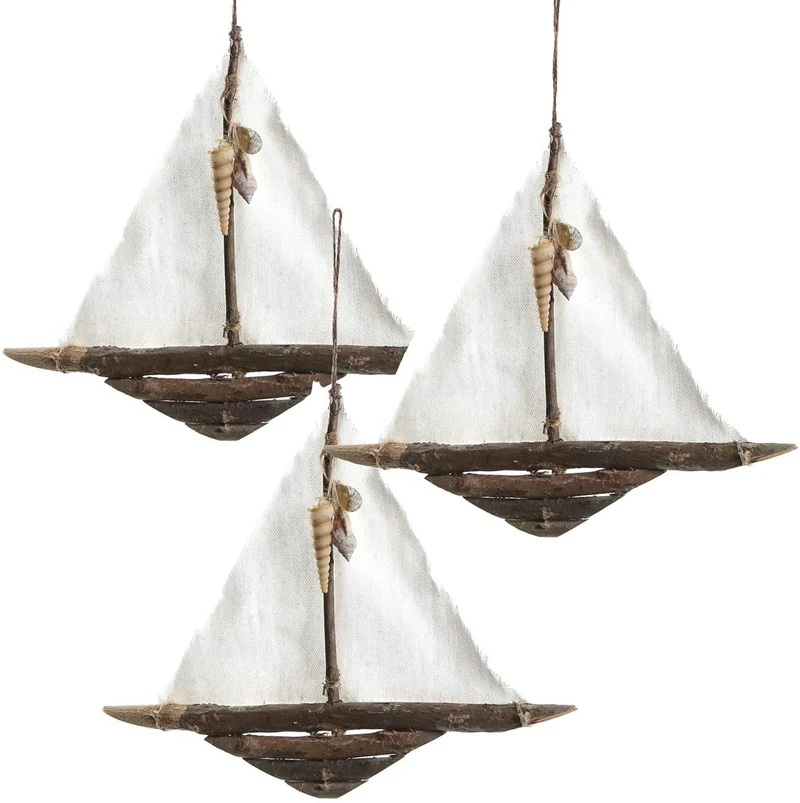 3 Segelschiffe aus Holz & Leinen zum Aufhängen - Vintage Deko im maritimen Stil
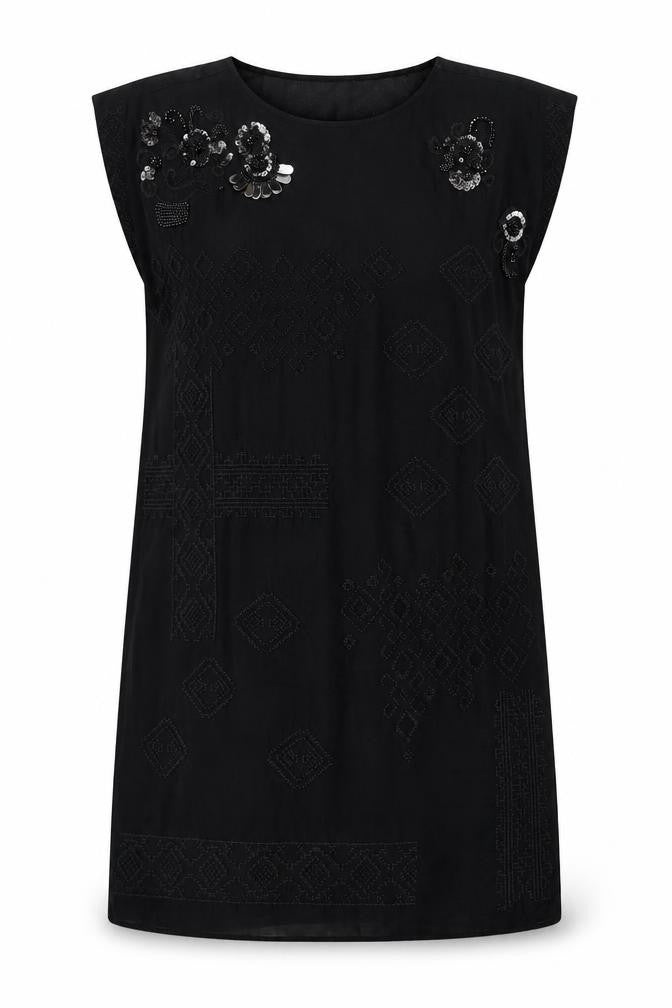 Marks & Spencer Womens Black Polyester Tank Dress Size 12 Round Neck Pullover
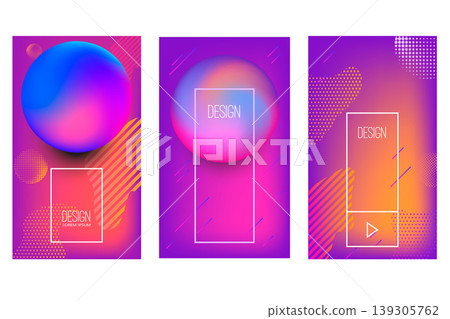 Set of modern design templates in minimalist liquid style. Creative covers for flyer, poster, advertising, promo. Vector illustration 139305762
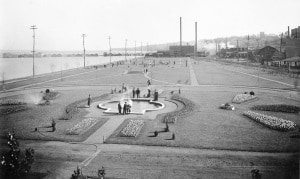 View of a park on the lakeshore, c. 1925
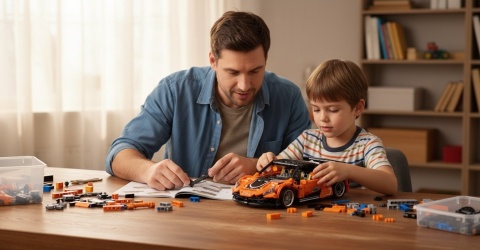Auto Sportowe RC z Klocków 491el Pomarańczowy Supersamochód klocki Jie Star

---

| Required work |
Inclusive range, exact copy: the line containing "Set of modern" through the last line of the listing. Print nothing else, and no pictures.

| Answer |
 Set of modern design templates in minimalist liquid style. Creative covers for flyer, poster, advertising, promo. Vector illustration 139305762
 View of a park on the lakeshore, c. 1925
Auto Sportowe RC z Klocków 491el Pomarańczowy Supersamochód klocki Jie Star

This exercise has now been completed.